Wednesday, 3 August 2011

ASA and OSPF

I have recently updated my ASA cluster to 8.4.X in the hope that this might introduce some stability in my IPv6 support. Little did I know it would introduce other issues for IPv4 that I have only now resolved.

Firstly a little bit of background. I run a pair of Cisco ASA 5510 in active/standby mode. They run OSPF to learn about internal routes whilst having a default route pointing out to my policy routers.

The problem I had encountered since the upgrade (or perhaps shortly after) was that the ASA cluster was no longer sending messages to syslog. Upon investigating I could see an obvious route in the routing table, learned via OSPF yet the firewall would state that there was no route.

This was unusual behaviour and whilst I wanted to resolve it , I also needed syslog working. So I created a static host route for the syslog server so that I could get that working. In order to complete the process I had to disable redistribution of static routes within OSPF else all other syslog traffic would end up at the firewalls.
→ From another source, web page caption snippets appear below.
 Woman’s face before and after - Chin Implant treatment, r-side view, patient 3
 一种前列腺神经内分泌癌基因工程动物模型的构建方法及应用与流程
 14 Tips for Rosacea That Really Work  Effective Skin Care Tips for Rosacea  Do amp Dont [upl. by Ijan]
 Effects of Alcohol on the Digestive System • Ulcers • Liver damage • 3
This of course then broke remote access VPN as an IPSec VPN would generate a static route on the ASA which would then need to be redistributed. So I lived with that for a while whilst I continued to investigate.

Today I needed to get the VPN working again so I renabled the static route redistribution which then caused the syslog routes to dissapear. I finally solved it when I looked at the configuration in CLI mode and discovered that OSPF had three network statements! Now normally this wouldn't be an issue but when I looked closely at the routing table I discovered something unusual. For each internal destination there were multiple routes in the routing table, only one of which had an interface associated with it.
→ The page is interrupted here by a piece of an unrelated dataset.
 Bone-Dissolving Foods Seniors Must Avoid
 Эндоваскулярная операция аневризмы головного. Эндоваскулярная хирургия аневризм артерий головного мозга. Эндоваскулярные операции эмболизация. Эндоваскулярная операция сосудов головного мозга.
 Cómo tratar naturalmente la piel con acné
I theorized that a bug in ASDM prevented any of the network statements from showing up and thus caused me to add superfluous network statements. In turn, these superfluous network statements caused invalid routes to be added to the routing table and prevent normal traffic from working.

I believe this is correct as upon removing the extra network statements and bouncing the OSPF process, the interface-less routes dissapeared and normal traffic resumed. I was able to remove the static routes and everything functioned as expected.

For reference, I'm running 8.4.2. I can only assume this is a bug and will be resolve in a future update. I'm just glad I've resolved it.